Give back every line of the material below exactly, but no images.

Collected data:
━━━━

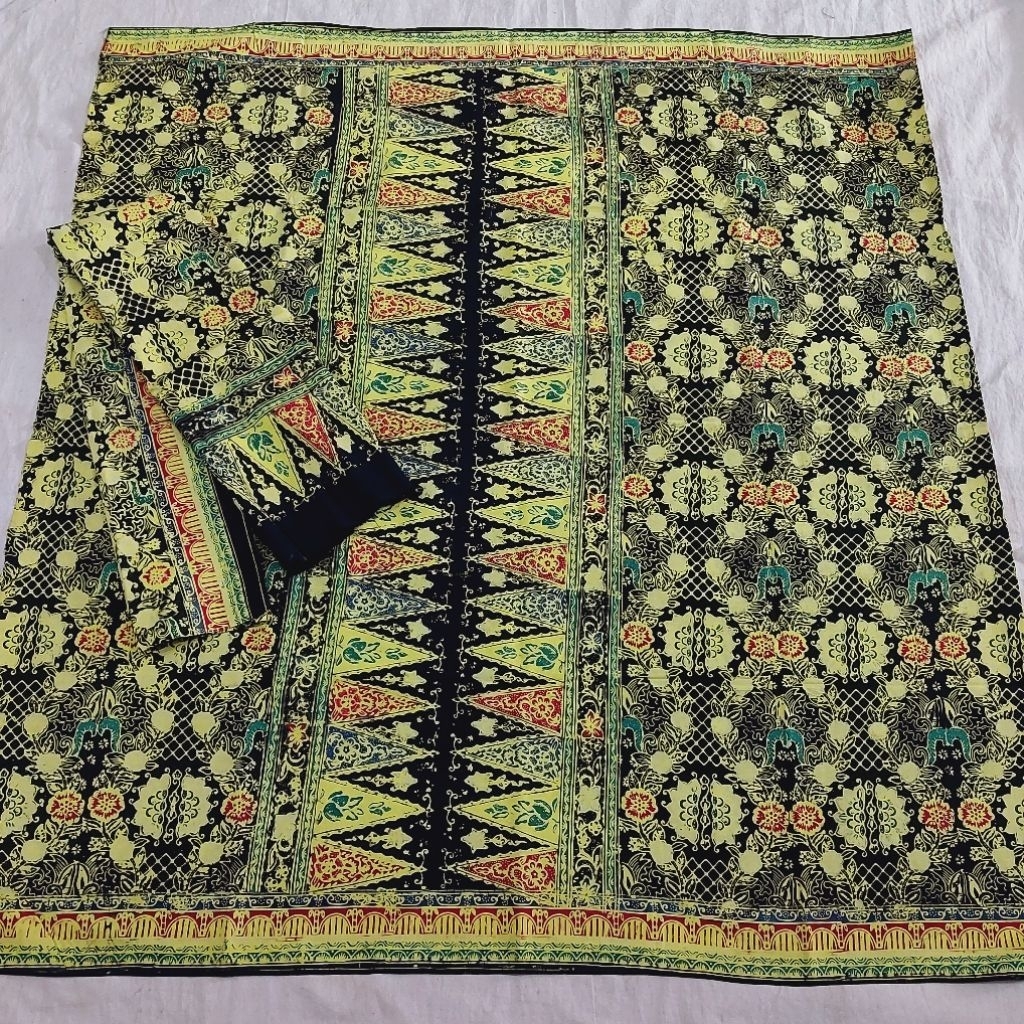 Set sarung selendang hitam kuning Durian setelan kain tekuluk batik Jambi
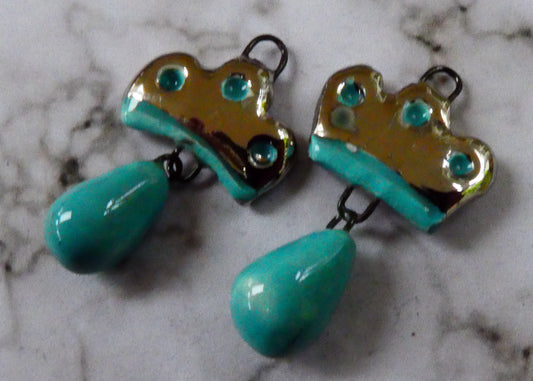 Ceramic Crown Earring Charms -Papago Turquoise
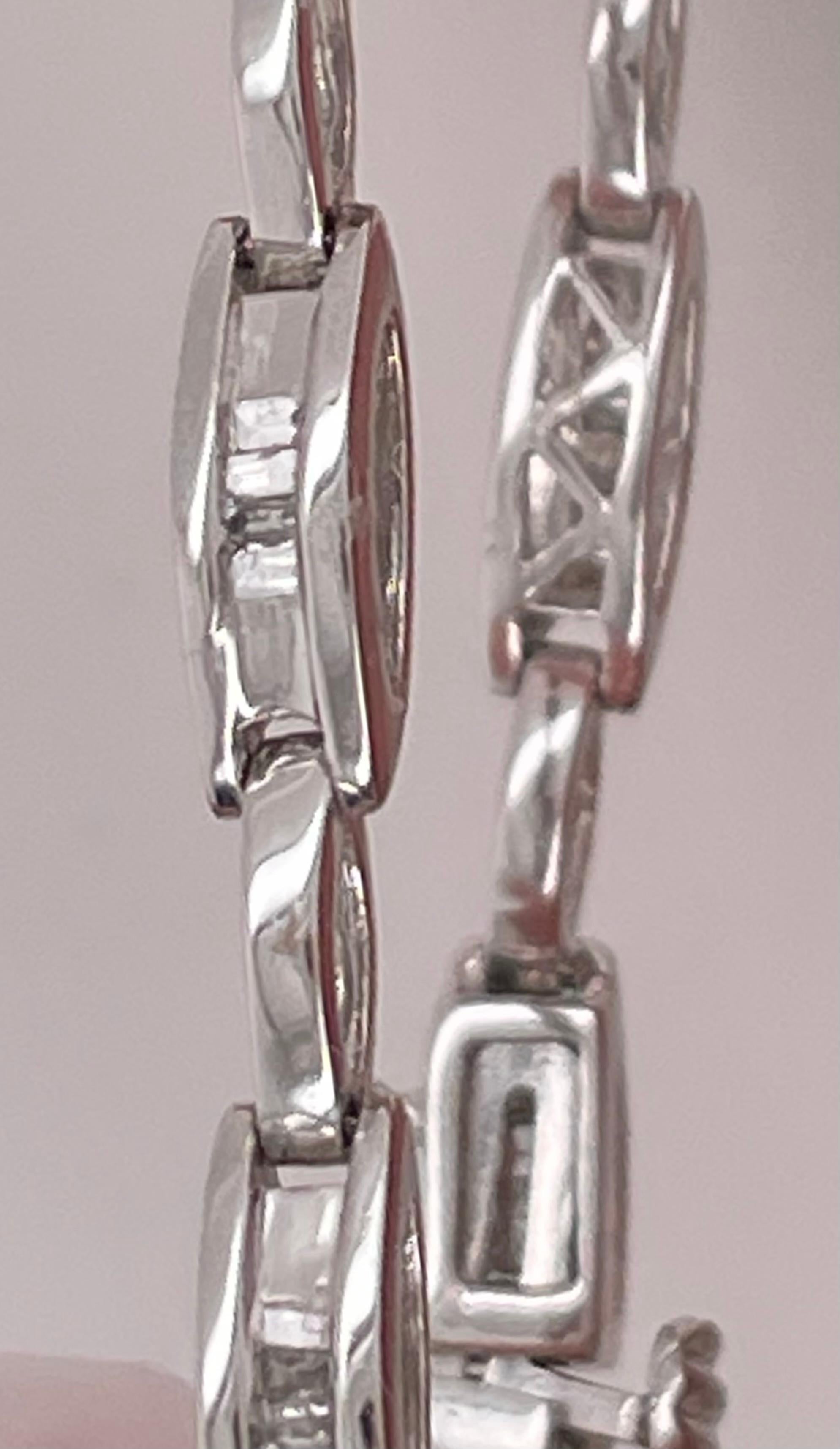 Contemporary 14K White Gold Bracelet with Diamonds For Sale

━━━━

Solved exercise:
 Set sarung selendang hitam kuning Durian setelan kain tekuluk batik Jambi
 Ceramic Crown Earring Charms -Papago Turquoise
 Contemporary 14K White Gold Bracelet with Diamonds For Sale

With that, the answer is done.